Dataset excerpt:
▽
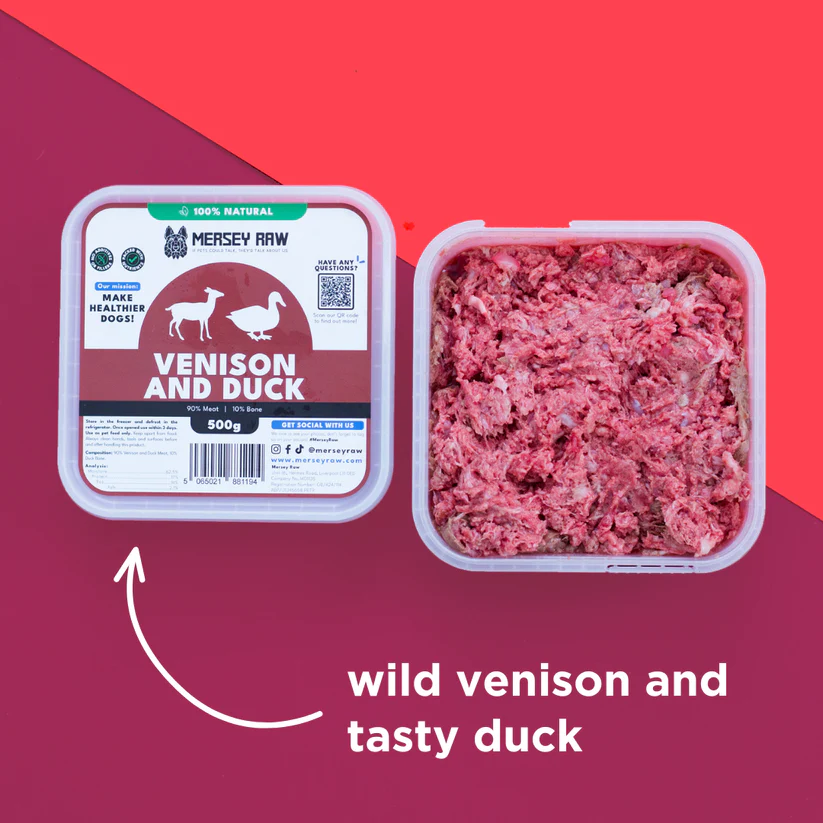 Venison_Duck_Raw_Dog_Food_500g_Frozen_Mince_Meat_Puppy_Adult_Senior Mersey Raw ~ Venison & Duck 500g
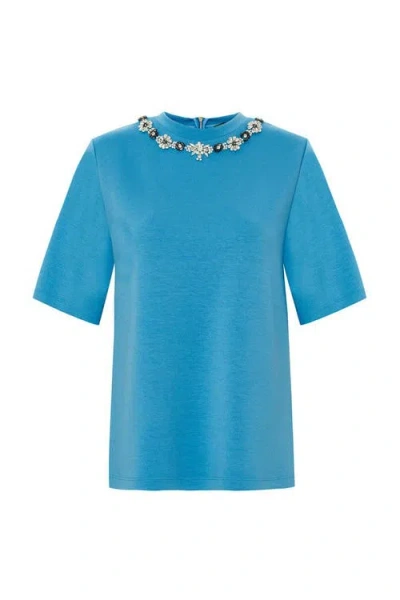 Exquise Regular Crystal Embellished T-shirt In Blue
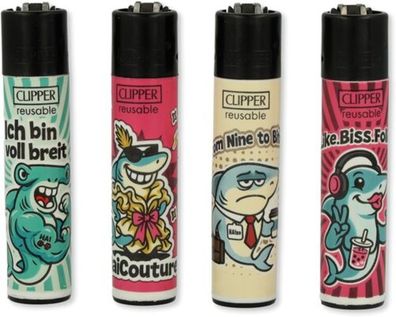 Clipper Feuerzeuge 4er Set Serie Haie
△
What you have to do: Except for the pictures, the whole listing above should be transcribed exactly.

Answer space:
 Venison_Duck_Raw_Dog_Food_500g_Frozen_Mince_Meat_Puppy_Adult_Senior Mersey Raw ~ Venison & Duck 500g
 Exquise Regular Crystal Embellished T-shirt In Blue
 Clipper Feuerzeuge 4er Set Serie Haie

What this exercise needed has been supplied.